Azure Cosmos DB now offers support for full-text search. It enables efficient and effective text searches using advanced techniques like stemming, as well as evaluating the relevance of documents to a given search query. It can be used in combination with vector search (i.e. hybrid search) to improve the accuracy of responses in some AI scenarios. EF Core allows for modeling the database with full-text search enabled properties and using full-text search functions inside queries targeting Azure Cosmos DB.

Model configuration

A property can be configured inside OnModelCreating to use full-text search by enabling it for the property and defining a full-text index:

public class Blog
{
    ...

    public string Contents { get; set; }
}

public class BloggingContext
{
    ...

    protected override void OnModelCreating(ModelBuilder modelBuilder)
    {
        modelBuilder.Entity<Blog>(b =>
        {
            b.Property(x => x.Contents).EnableFullTextSearch();
            b.HasIndex(x => x.Contents).IsFullTextIndex();
        });
    }
}

Note

Configuring the index is not mandatory, but it is recommended as it greatly improves performance of full-text search queries.

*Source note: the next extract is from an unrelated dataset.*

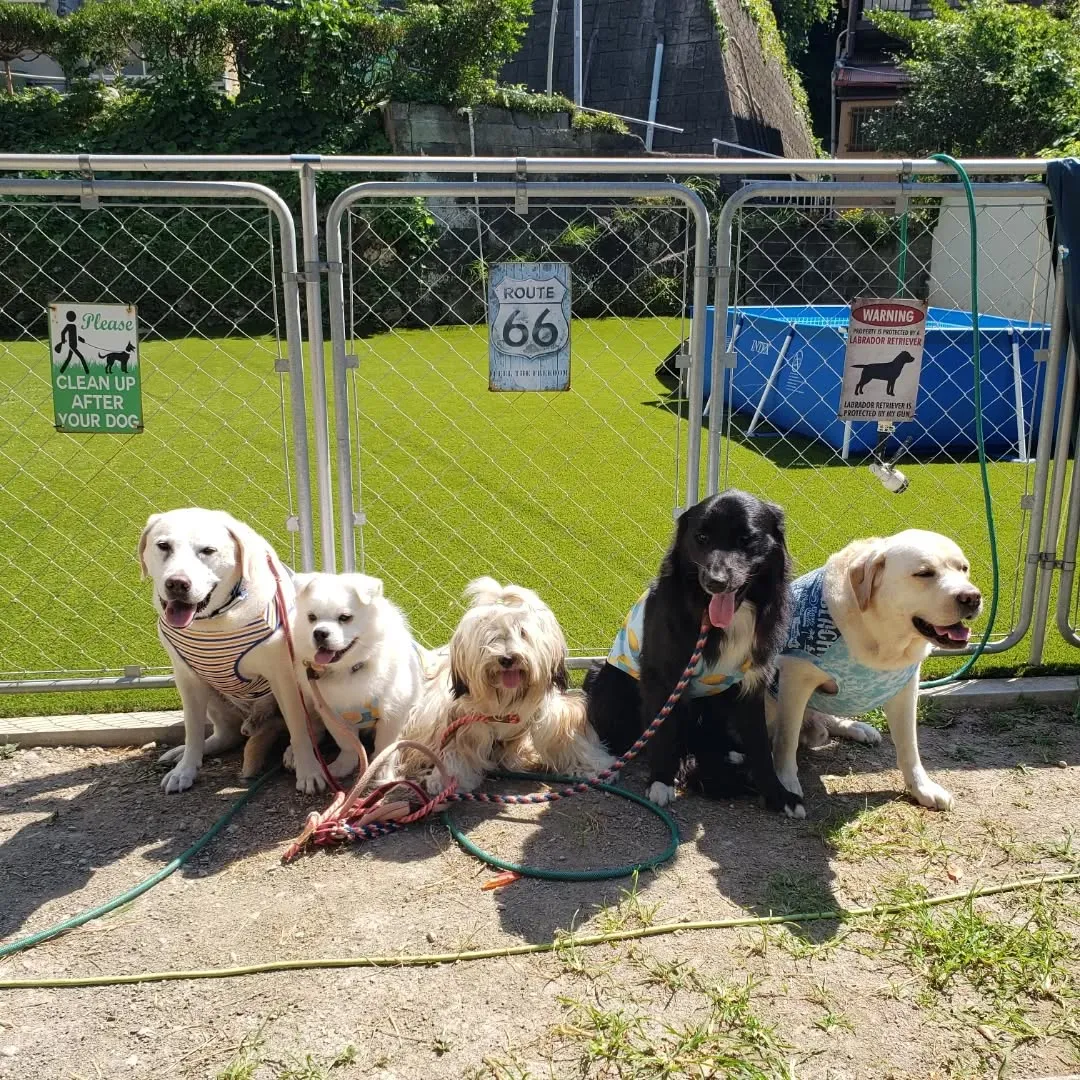 毎日暑い日が続いていますがみんな元気に遊んでいます😊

Full-text search operations are language specific, using American English (en-US) by default. You can customize the language for individual properties as part of EnableFullTextSearch call:

    protected override void OnModelCreating(ModelBuilder modelBuilder)
    {
        modelBuilder.Entity<Blog>(b =>
        {
            b.Property(x => x.Contents).EnableFullTextSearch();
            b.HasIndex(x => x.Contents).IsFullTextIndex();
            b.Property(x => x.ContentsGerman).EnableFullTextSearch("de-DE");
            b.HasIndex(x => x.ContentsGerman).IsFullTextIndex();
        });
    }

You can also set a default language for the container - unless overridden in the EnableFullTextSearch method, all full-text properties inside the container will use that language.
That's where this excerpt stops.